Nel 1893, due bollettini del CAS cominciarono a pubblicizzare una nuova disciplina della montagna, che in seguito si sarebbe diffusa molto rapidamente.

«Per le racchette da neve non occorre solo la neve, bensì la neve adatta», spiegava Oskar Vorweg nel primo libro didattico sullo sci, Das Schneeschuhlaufen (L’uso delle racchette da neve) del 1893. Dopo un viaggio in Norvegia, nell’inverno 1890-1891, Vorweg aveva cominciato a usare le lunghe stecche di legno, allora chiamate «racchette norvegesi», sui suoi Monti dei Giganti giungendo alla seguente conclusione: «La parte più difficile è la discesa, la più facile è la salita.»

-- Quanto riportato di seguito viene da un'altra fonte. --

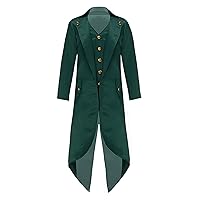Kids Boys Medieval Steampunk Tailcoat Halloween Costumes Vampire Gothic Jacket Vintage Victorian Frock Coat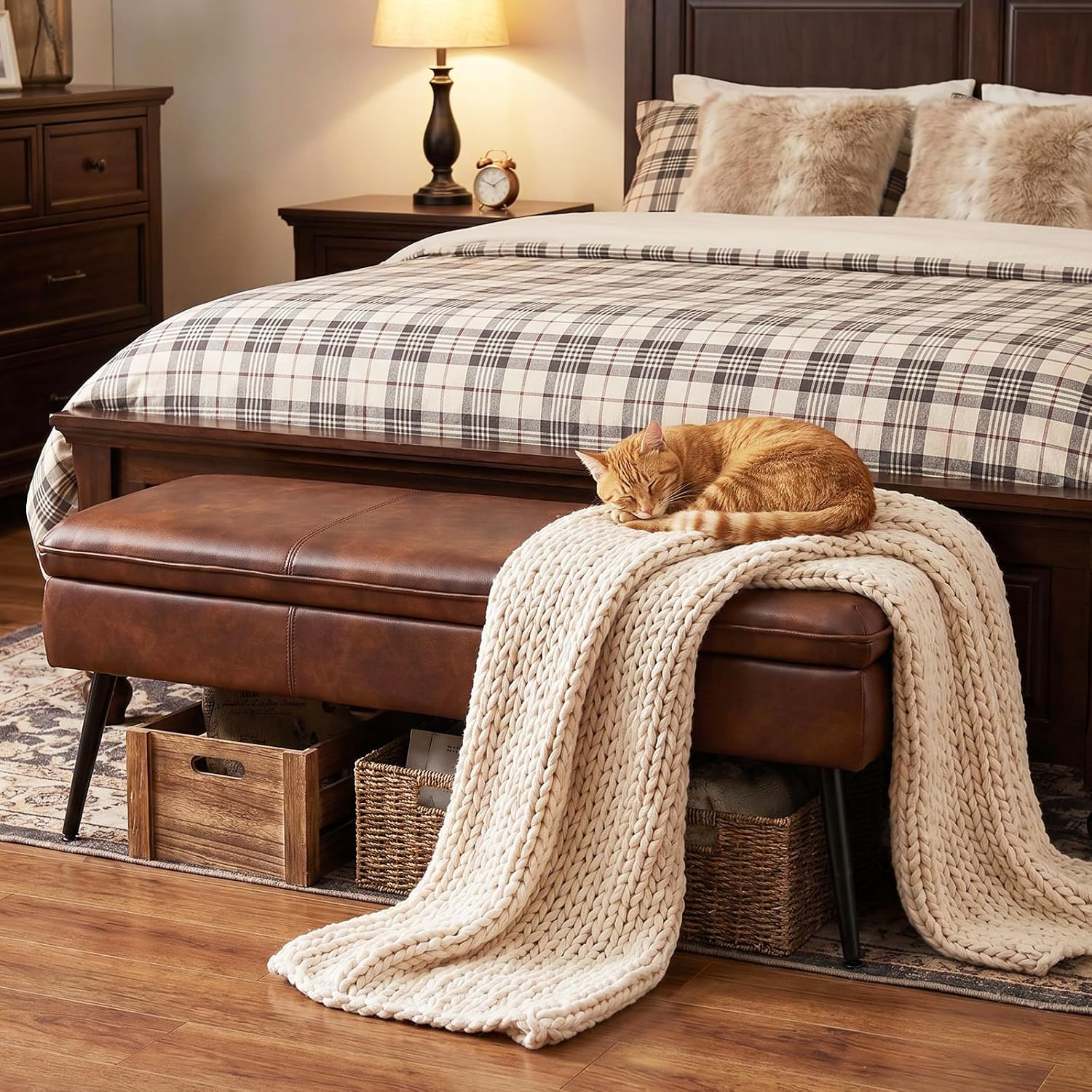 Large Upholstered Entryway Storage Ottoman Bench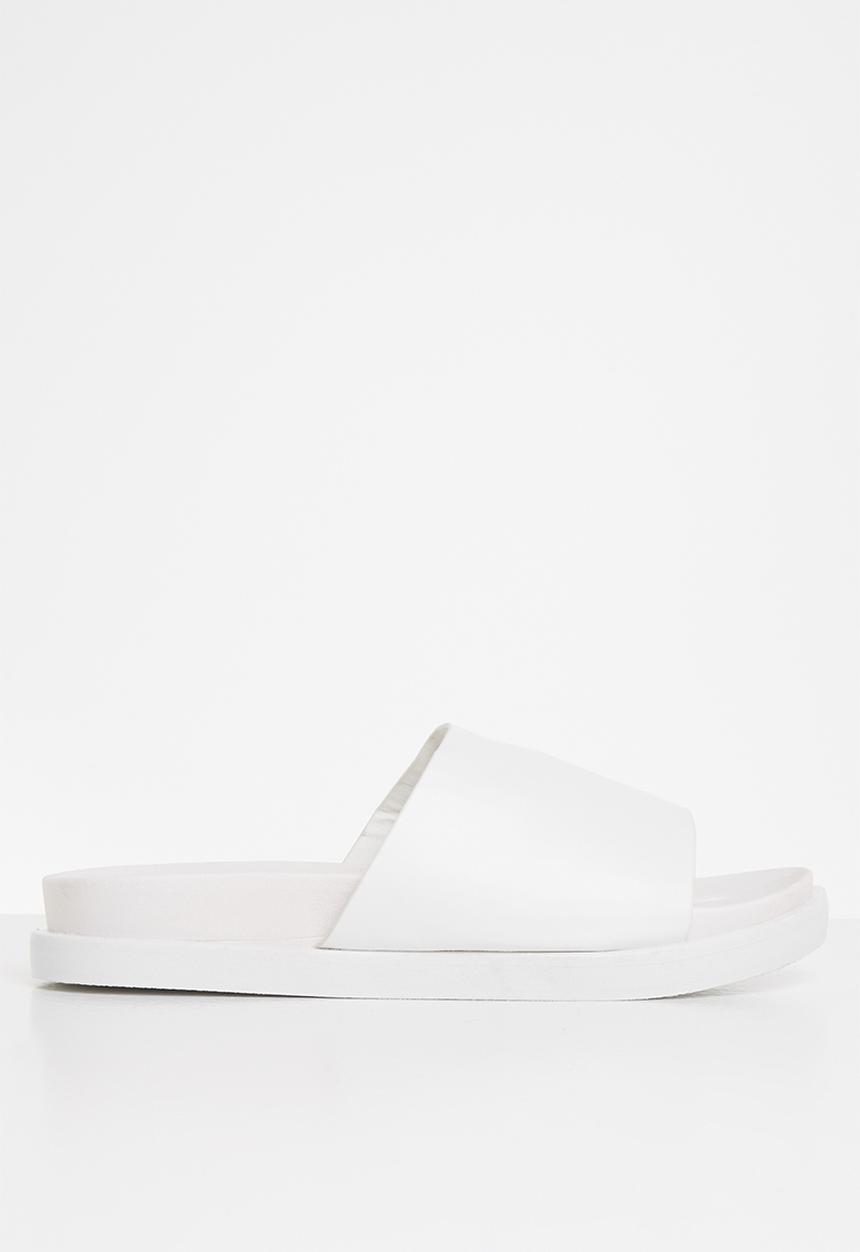 Jada - Faux leather slide - white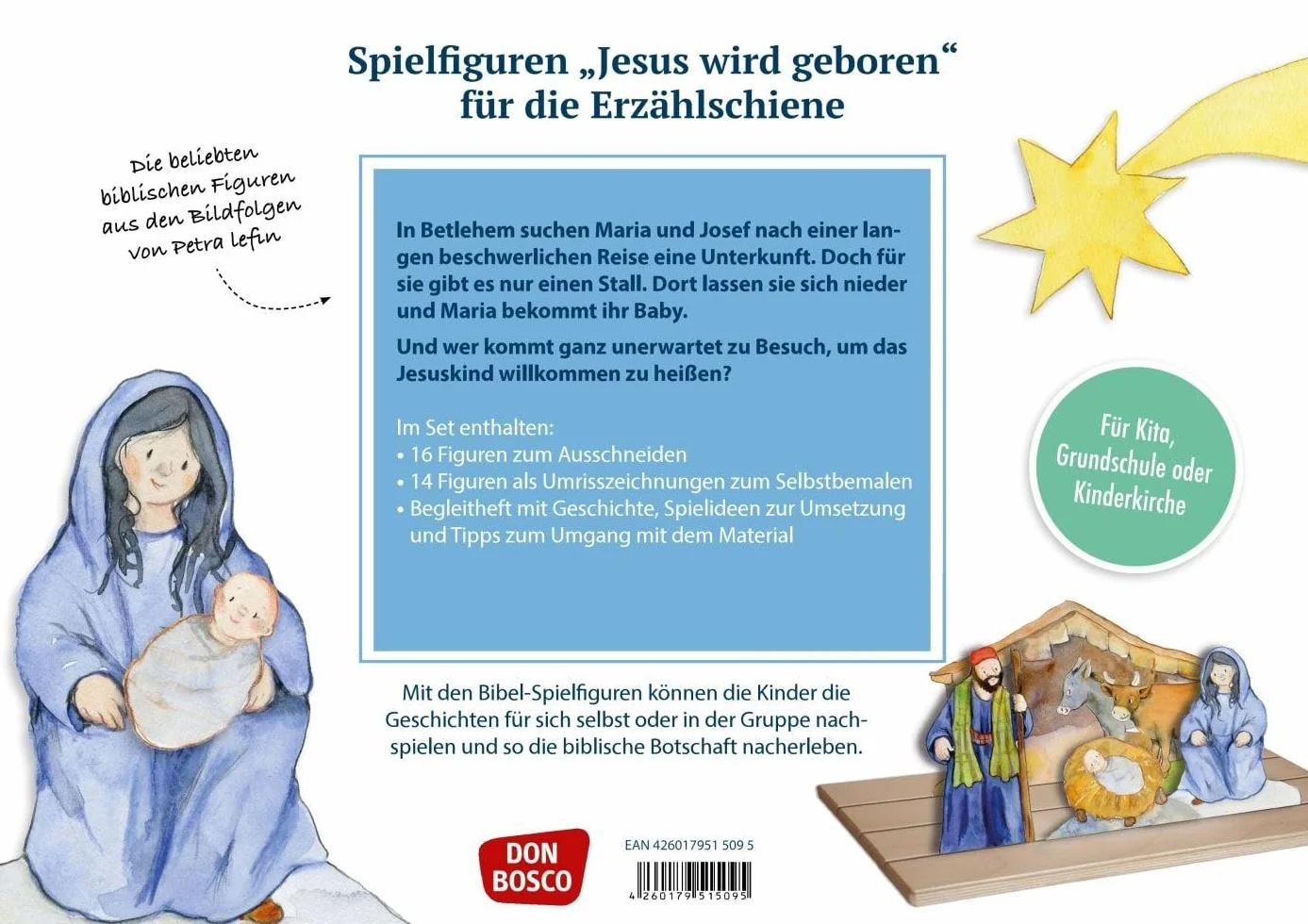 Erzählschienen-Figurenset Jesus wird geboren Spielfiguren Ausschneiden Skript Religionspädagogik Kindergarten Grundschule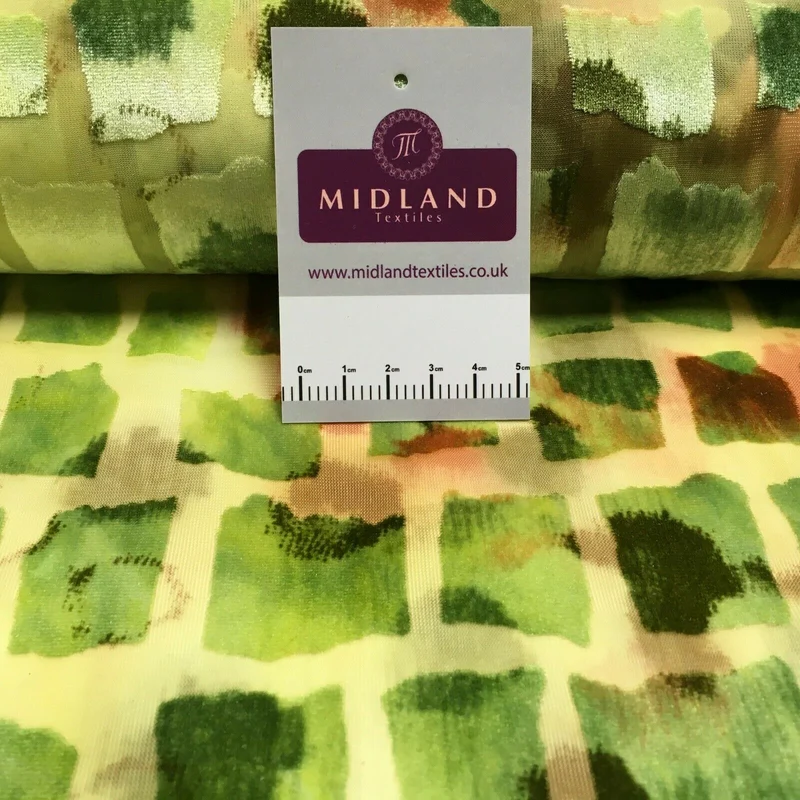 Lime burnout velvet geometric dress Fabric M1400-17 Mtex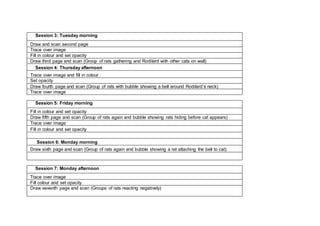 Session 3: Tuesday morning
Draw and scan second page
Trace over image
Fill in colour and set opacity
Draw third page and scan (Group of rats gathering and Rodilard with other cats on wall)
Session 4: Thursday afternoon
Trace over image and fill in colour
Set opacity
Draw fourth page and scan (Group of rats with bubble showing a bell around Rodilard’s neck)
Trace over image
Session 5: Friday morning
Fill in colour and set opacity
Draw fifth page and scan (Group of rats again and bubble showing rats hiding before cat appears)
Trace over image
Fill in colour and set opacity
Session 6: Monday morning
Draw sixth page and scan (Group of rats again and bubble showing a rat attaching the bell to cat)
Session 7: Monday afternoon
Trace over image
Fill colour and set opacity
Draw seventh page and scan (Groups of rats reacting negatively)
 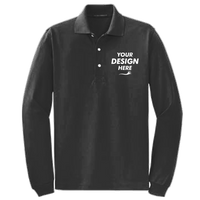 Port Authority Rapid Dry Long Sleeve Polo, Jet Black, Front view, Mockup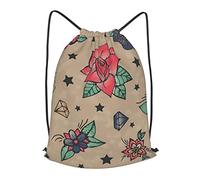874 Mochila De Cuerda, Tatuajes De Rockabilly Bolsa De Tela Moderno Bolsa De Cuerdas Unisex Mochila con Cordón para Nadar Playa 36X42Cm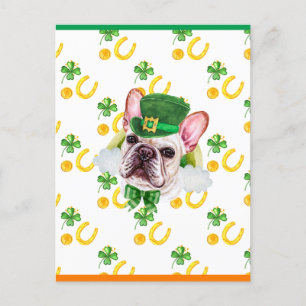 Französische Bulldogge Shamrock St. Patricks Tag Feiertagspostkarte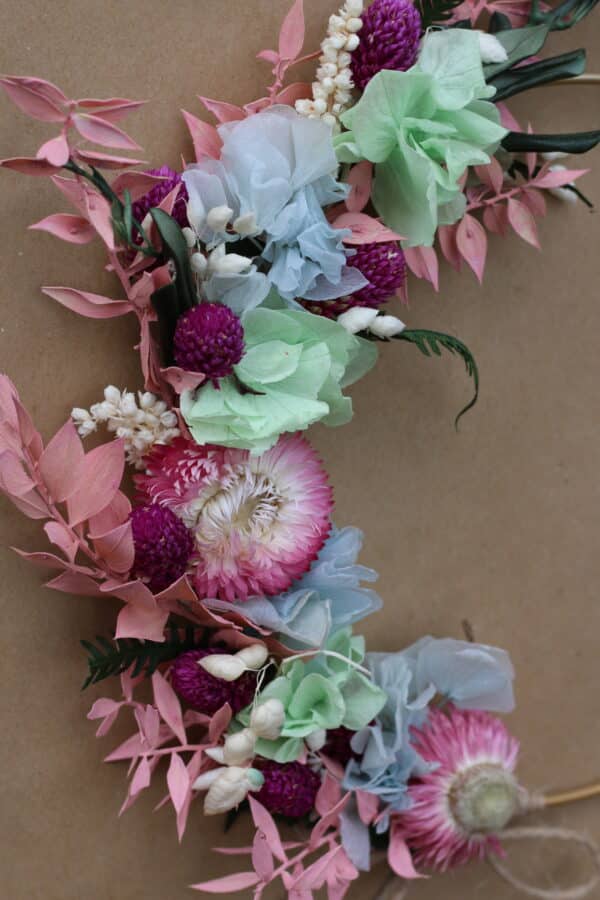 Couronne de fleurs séchées pastel coloré "Taille S" – Image 2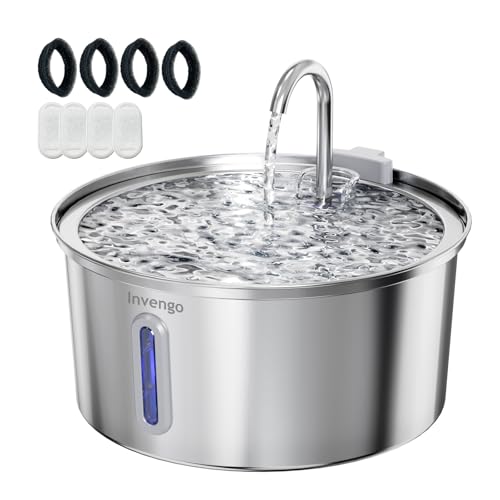 Invengo MeowFlow B40 3,2 l Katzenwasserbrunnen mit Dual-Flow-Stilen, ultra-leise < 30 dB, 304 Edelstahl Haustierbrunnen zum Trinken, leicht zu reinigen, sicheres Design, inklusive 4 Ersatzfiltern Invengo MeowFlow B40 3,2 l Katzenwasserbrunnen mit Dual-Flow-Stilen, ultra-leise < 30 dB, 304 Edelstahl Haustierbrunnen zum Trinken, leicht zu reinigen, sicheres Design, inklusive 4 Ersatzfiltern von Invengo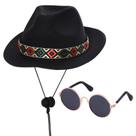 Conjunto de fantasias de cowboy de estimação com chapéu de cowboy e óculos de sol para animais de estimação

Agli occhi di un altro pioniere dello sci, la discesa con le racchette norvegesi non sembrava rappresentare alcun problema: «In realtà occorre fare i conti solo con la salita, poiché la discesa a valle non richiede alcuno sforzo, ma risulta essere un piacere, una spavalda scivolata nella quale l’agilità svolge il ruolo principale.» Così scriveva il glaronese Christof Iselin in Praktische Ergebnisse des Schneeschuhlaufens in den Glarnerbergen im Winter 1892/1893 (Risultati pratici dell’uso delle racchette [norvegesi] sulle montagne glaronesi nell’inverno 1892-1893), pubblicato in Alpina. Mitteilungen des Schweizer Alpen-Club del 1º dicembre 1893.

Prove segrete nella notte

Nel 1891, Iselin, membro della sezione CAS Tödi, aveva letto la traduzione tedesca di På ski over Grønland (In Groenlandia con gli sci), il resoconto di una spedizione di Fridtjof Nansen, e si era procurato un paio di sci. Con i quali, di notte o con le bufere di neve (per evitare lo scherno della gente) fece i suoi primi tentativi, peraltro senza grande successo. L’anno successivo, Iselin fece la conoscenza del norvegese Olaf Kjelsberg, ingegnere presso la fabbrica svizzera di locomotive di Winterthur e membro della sezione CAS della città, che divenne istruttore di sci per Iselin e i suoi amici.

La domenica 29 gennaio 1893, con una traversata del Pragelpass (1548 m), le nuove leve dello sci mostrarono cosa fosse possibile fare in montagna con quei nuovi attrezzi, soprattutto rispetto alle racchette convenzionali, utilizzate per spostarsi d’inverno anche dai contadini di montagna. Iselin, Kjelsberg e il bernese Alexander von Steiger, membro della sezione Tödi, erano sugli sci, mentre il glaronese Eduard Naef-Blumer, membro della sezione Winterthur, calzava racchette da neve. Gli sciatori vinsero la prova con un’ora di vantaggio. Il pluripubblicato resoconto di Naef, Eine Winterreise über den Pragelpass mit Skis und Schneereifen (Escursione invernale al Pragelpass con sci e racchette da neve), contribuì ampiamente alla notorietà dell’allora ancora sconosciuta disciplina della montagna. Il 1º marzo 1893, in Schweizer Alpen-Zeitung. Organ für die deutschen Sectionen des Schweizer Alpenclubs sowie für alle Freunde der Alpenwelt, si leggeva una delle prime menzioni dello «sci» nella letteratura del CAS.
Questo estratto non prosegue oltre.